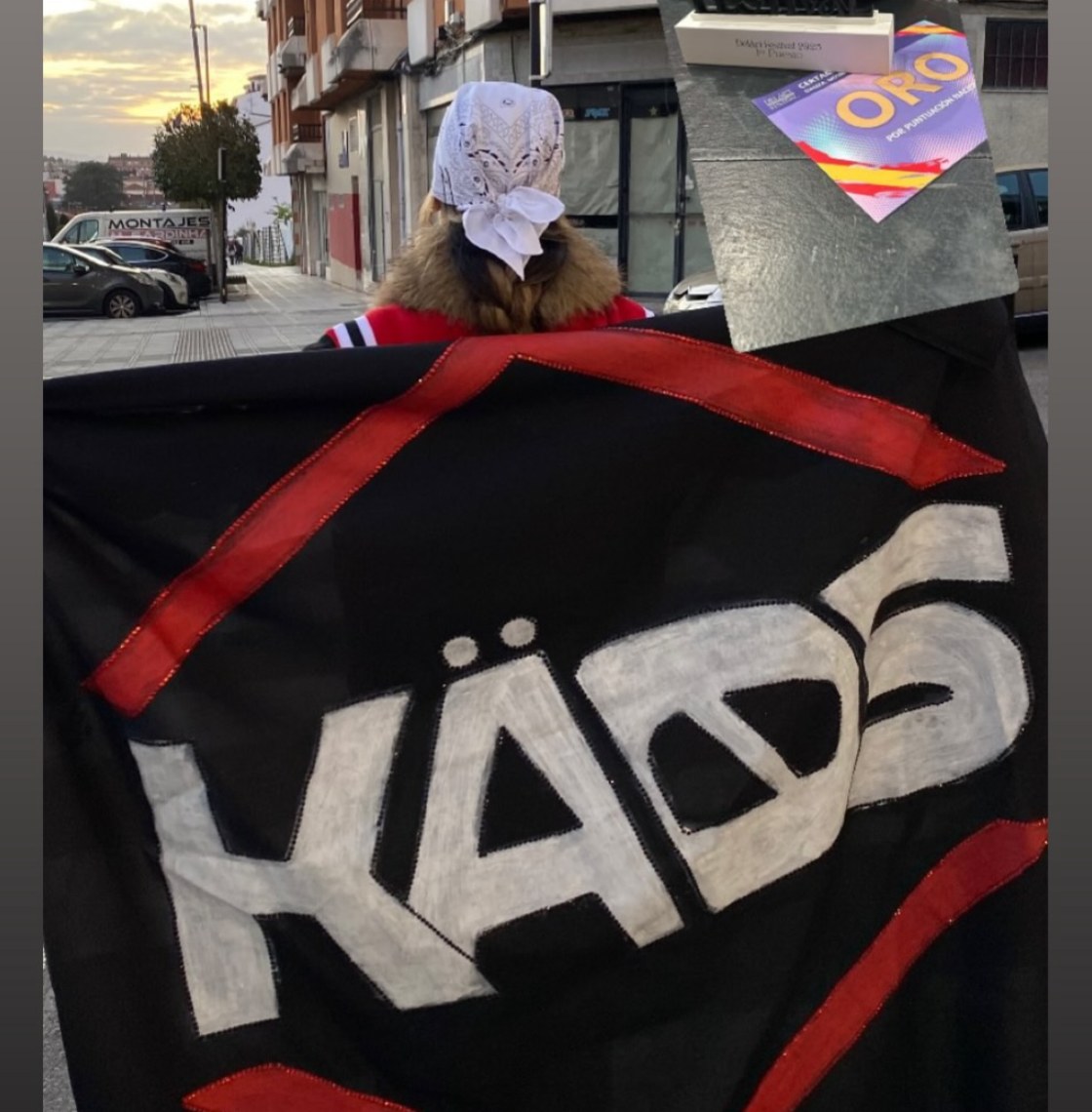 Con la bandera de Kaos en la competición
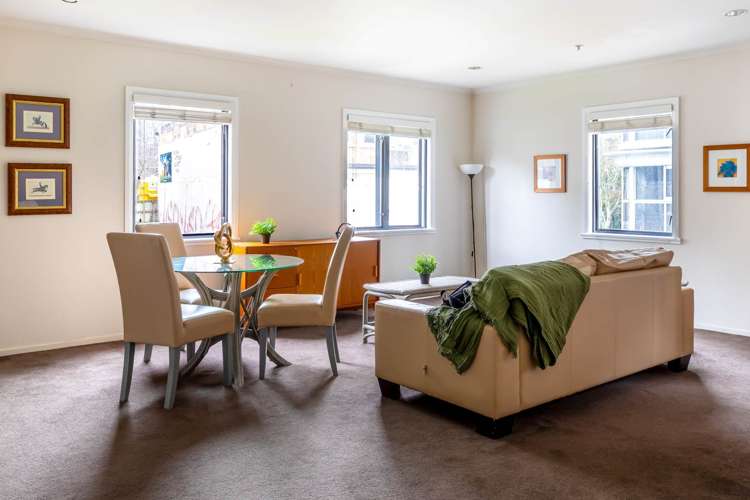 2F/92 Nelson Street City Centre_13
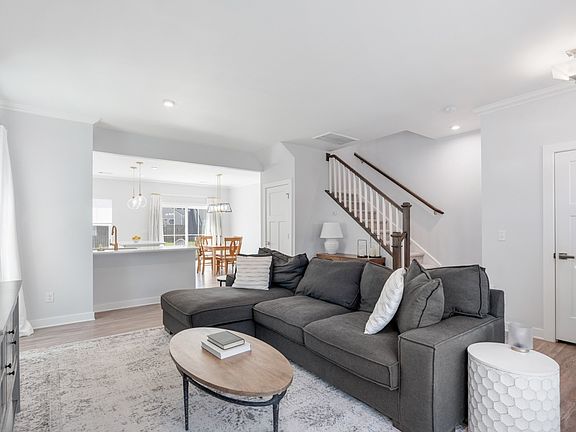 4th image of 513 Red Hill Ct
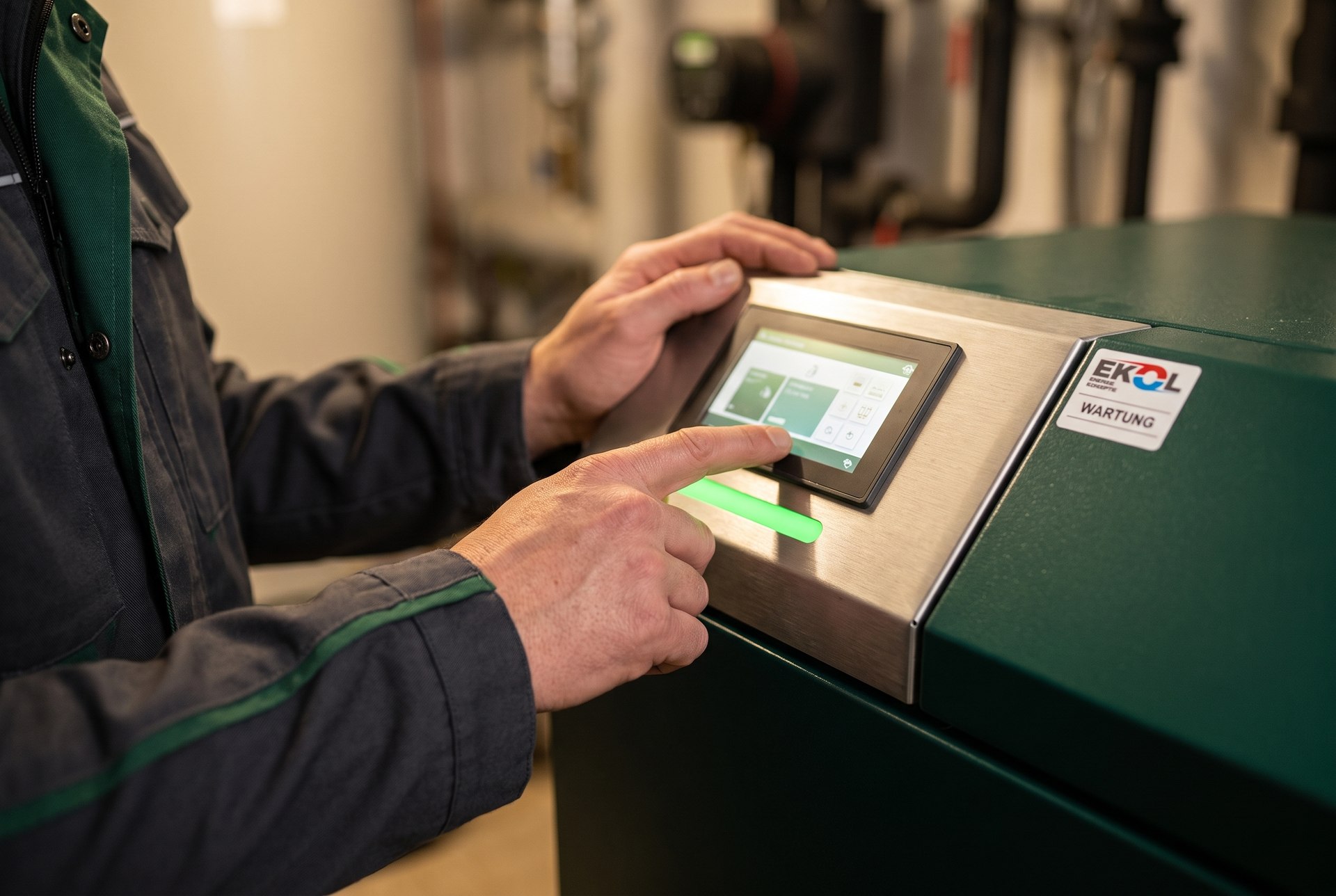 Bedienung des Displays am SenerTec Dachs mit EKOL-Wartungsaufkleber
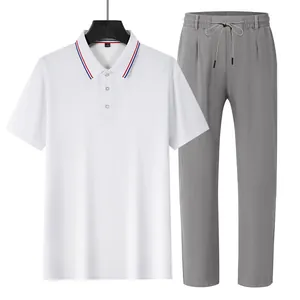 Vorderansicht des legeren Herren-Zweiteilers mit Poloshirt und Leinenhose in Grau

> **YOUR TASK**:
Only the pictures are to be left out; restate everything else in the listing word for word.

> **RESULT OF THE TASK**:
 Con la bandera de Kaos en la competición
 2F/92 Nelson Street City Centre_13
 4th image of 513 Red Hill Ct
 Bedienung des Displays am SenerTec Dachs mit EKOL-Wartungsaufkleber
 Vorderansicht des legeren Herren-Zweiteilers mit Poloshirt und Leinenhose in Grau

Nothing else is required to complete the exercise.